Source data
***

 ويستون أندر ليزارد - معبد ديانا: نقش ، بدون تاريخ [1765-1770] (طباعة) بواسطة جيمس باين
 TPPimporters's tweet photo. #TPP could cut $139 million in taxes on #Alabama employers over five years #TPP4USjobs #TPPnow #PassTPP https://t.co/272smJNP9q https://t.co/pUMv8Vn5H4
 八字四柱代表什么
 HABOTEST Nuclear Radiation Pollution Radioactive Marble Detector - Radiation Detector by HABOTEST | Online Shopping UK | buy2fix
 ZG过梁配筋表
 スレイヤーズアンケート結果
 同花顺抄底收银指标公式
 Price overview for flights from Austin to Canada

***

▸ Work instruction
For this exercise, retype each entry from above exactly as it stands.

▸ Output of the task
 ويستون أندر ليزارد - معبد ديانا: نقش ، بدون تاريخ [1765-1770] (طباعة) بواسطة جيمس باين
 TPPimporters's tweet photo. #TPP could cut $139 million in taxes on #Alabama employers over five years #TPP4USjobs #TPPnow #PassTPP https://t.co/272smJNP9q https://t.co/pUMv8Vn5H4
 八字四柱代表什么
 HABOTEST Nuclear Radiation Pollution Radioactive Marble Detector - Radiation Detector by HABOTEST | Online Shopping UK | buy2fix
 ZG过梁配筋表
 スレイヤーズアンケート結果
 同花顺抄底收银指标公式
 Price overview for flights from Austin to Canada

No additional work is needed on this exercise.